Monday, November 9, 2015
Exhibit Hall 1 (Salt Palace Convention Center)
Apurva Shah, Department of Chemical, Biochemical and Environmental Engineering, University of Maryland, Baltimore County, Baltimore, MD, Nemi Vora, CIvil and Environmental Engineering, University of Pittsburgh, Pittsburgh, PA and Vikas Khanna, Civil and Environmental Engineering, University of Pittsburgh, Pittsburgh, PA

Global climate change, resource depletion, and population growth place imminent pressure on food, energy, and water (FEW) systems. Significantly heightened demand for food, energy, and water is expected within the next forty years as the world’s census will surpass 9 billion people (Finley & Seiber, 2014). FEW systems are deeply interwoven, interdependent, and interconnected. Quantifying and understanding the interdependencies and linkages between the FEW systems is critical for understanding their environmental sustainability and vulnerability of the FEW nexus to disruptive events. There is an urgent need for a systems approach incorporating life cycle thinking to understand the complex nature of the FEW nexus.
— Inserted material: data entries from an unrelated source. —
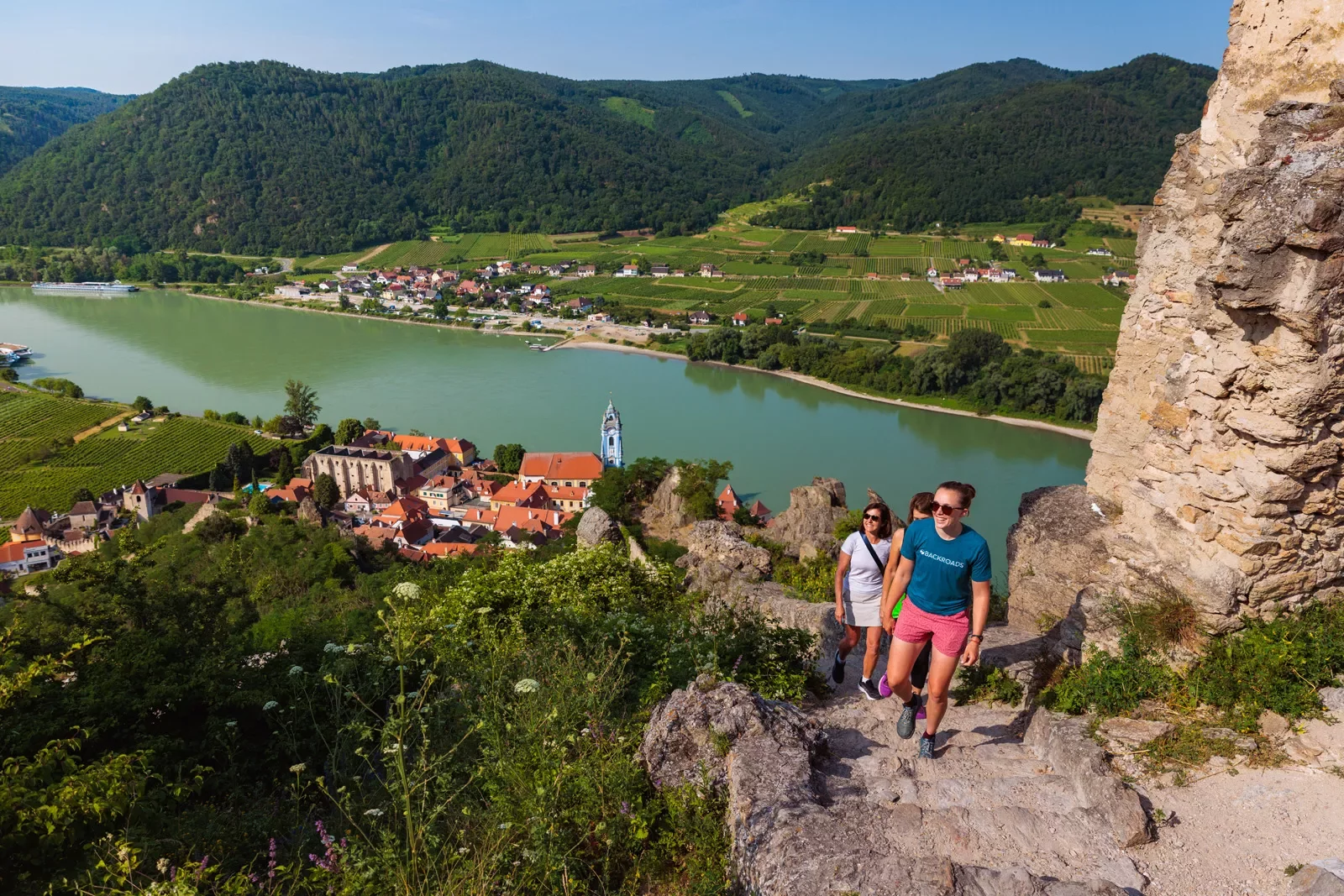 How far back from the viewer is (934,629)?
11.9ft

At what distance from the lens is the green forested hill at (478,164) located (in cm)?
9769

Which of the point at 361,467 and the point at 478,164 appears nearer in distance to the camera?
the point at 361,467

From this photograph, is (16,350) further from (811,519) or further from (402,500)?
(811,519)

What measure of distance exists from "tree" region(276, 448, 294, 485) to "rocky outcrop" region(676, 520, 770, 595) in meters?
30.0

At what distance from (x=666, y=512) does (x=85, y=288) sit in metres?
91.2

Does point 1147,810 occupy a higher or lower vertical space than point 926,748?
higher

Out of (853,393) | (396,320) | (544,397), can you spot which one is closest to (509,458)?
(544,397)

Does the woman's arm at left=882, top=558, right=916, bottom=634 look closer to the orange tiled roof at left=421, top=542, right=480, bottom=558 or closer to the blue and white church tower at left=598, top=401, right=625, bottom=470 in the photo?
the orange tiled roof at left=421, top=542, right=480, bottom=558

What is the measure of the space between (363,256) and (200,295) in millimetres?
23173

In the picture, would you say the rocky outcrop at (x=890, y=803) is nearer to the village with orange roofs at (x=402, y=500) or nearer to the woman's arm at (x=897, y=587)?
the woman's arm at (x=897, y=587)

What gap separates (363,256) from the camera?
98.8m

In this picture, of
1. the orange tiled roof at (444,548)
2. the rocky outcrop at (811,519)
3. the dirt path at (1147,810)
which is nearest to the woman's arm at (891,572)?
the dirt path at (1147,810)

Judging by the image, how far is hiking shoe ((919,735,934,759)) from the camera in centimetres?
365

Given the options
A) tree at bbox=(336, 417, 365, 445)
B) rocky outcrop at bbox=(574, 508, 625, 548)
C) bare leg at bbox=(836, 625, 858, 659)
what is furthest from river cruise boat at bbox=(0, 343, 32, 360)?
bare leg at bbox=(836, 625, 858, 659) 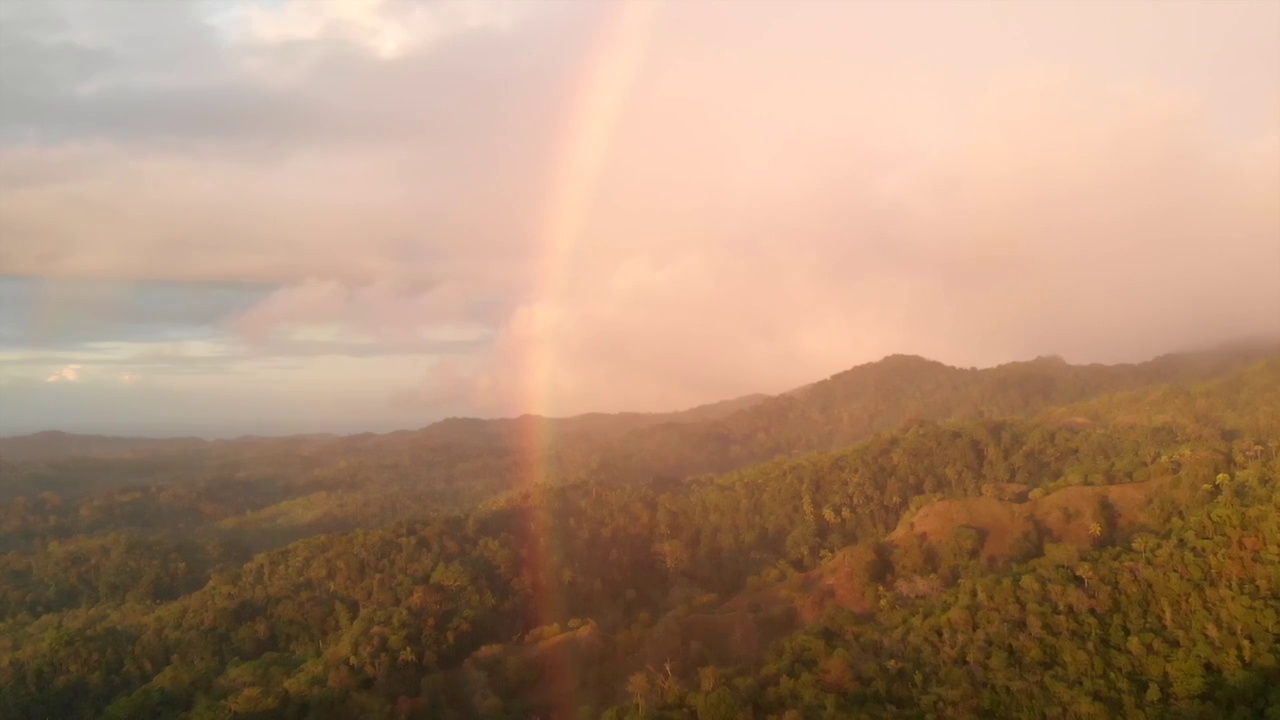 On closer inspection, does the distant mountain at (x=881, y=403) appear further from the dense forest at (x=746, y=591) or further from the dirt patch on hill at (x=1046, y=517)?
the dirt patch on hill at (x=1046, y=517)

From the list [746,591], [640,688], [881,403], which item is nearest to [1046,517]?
[746,591]

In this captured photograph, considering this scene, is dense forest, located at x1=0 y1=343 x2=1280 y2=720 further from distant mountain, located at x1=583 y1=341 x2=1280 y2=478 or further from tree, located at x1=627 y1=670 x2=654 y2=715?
distant mountain, located at x1=583 y1=341 x2=1280 y2=478

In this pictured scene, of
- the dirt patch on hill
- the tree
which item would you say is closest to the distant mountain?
the dirt patch on hill

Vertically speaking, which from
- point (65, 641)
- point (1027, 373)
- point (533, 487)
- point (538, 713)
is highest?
point (1027, 373)

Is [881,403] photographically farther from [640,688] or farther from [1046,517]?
[640,688]

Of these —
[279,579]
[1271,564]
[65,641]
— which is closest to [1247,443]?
[1271,564]

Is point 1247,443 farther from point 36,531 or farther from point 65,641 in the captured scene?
A: point 36,531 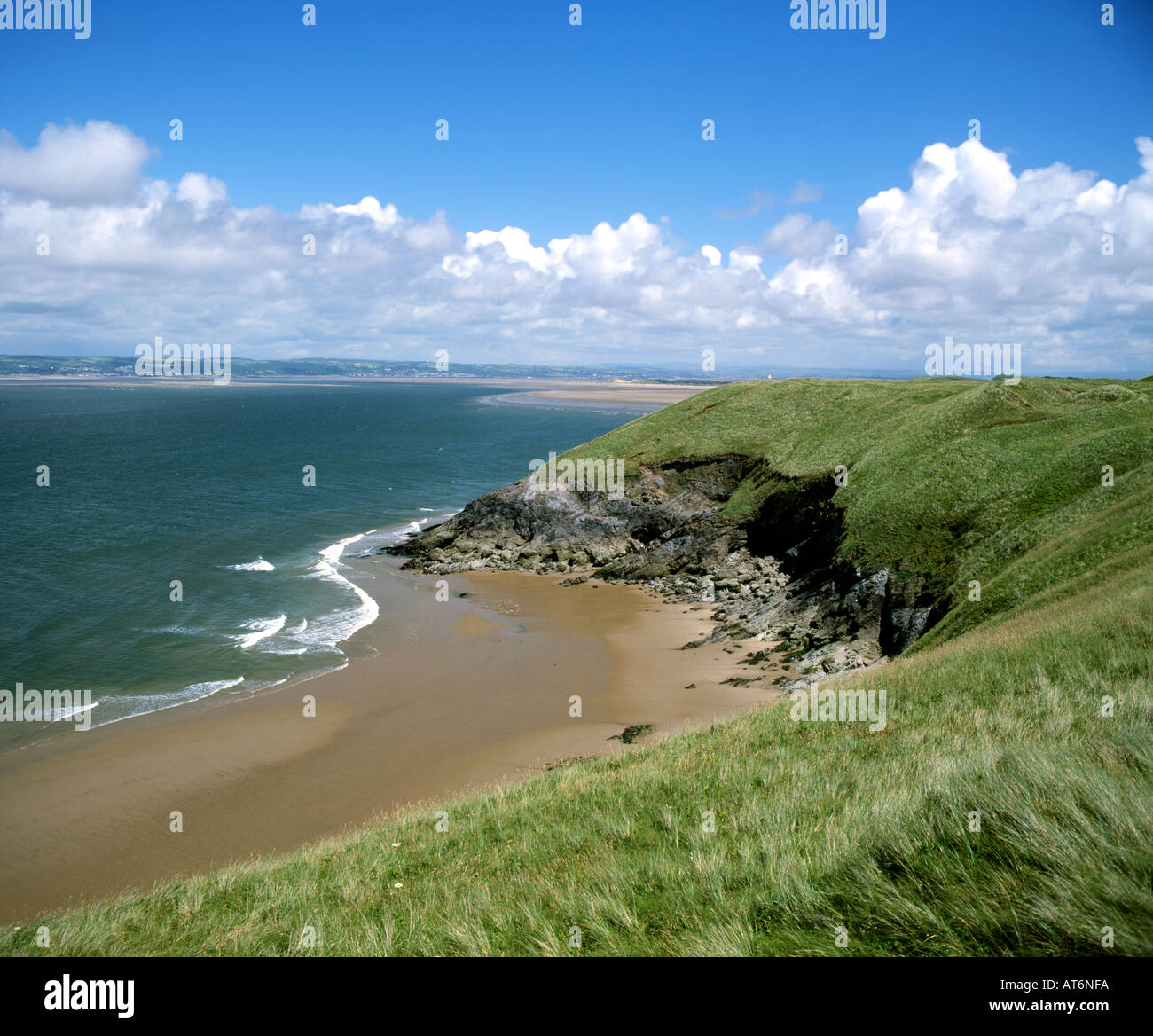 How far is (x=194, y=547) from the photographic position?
184 ft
A critical piece of the FEW trilemma is the energy and greenhouse gas (GHG) emission burden of water consumed in food production. 30-40% of the U.S. water withdrawals are for irrigating crops; this statistic nearly doubles when referring to the global water withdrawals. Acquiring, pumping, and transporting water for crop production is energy and GHG intensive. Previous research has investigated the virtual water content (VWC) associated with international food trade and food flows in the United States (Dang, 2014) & (Bazilian et al., 2011). However, the embodied energy (EE) and GHG emissions associated with the virtual water content of food production is not well understood. A systems approach with life cycle thinking for understanding the embodied energy and GHG cost of virtual water can aid in understanding the vulnerability and threshold to disturbances of food production systems to scarcity in water and energy resources. We combine detailed information on food flows within the U.S. with water footprint data. Synthesis of the datasets provided by the Commodity Flow Survey and National Agricultural Statistics Service assisted with the determination  of the virtual water trade flows. These flows used in conjunction with the Farm and Ranch Irrigation Survey and US Energy Information Administration, as well as several life cycle inventory databases allowed for the modeling of EE and life cycle GHG emissions. Preliminary findings reveal that over 476 billion m3 of virtual water was traded, 332 trillion MJ of primary energy was expended, and 190 billion kg CO2 equivalents was associated with domestic food transfers. The information regarding the virtual water and life-cycle energy costs of water is essential to understand impending issues that can arise in highly interdependent FEW systems.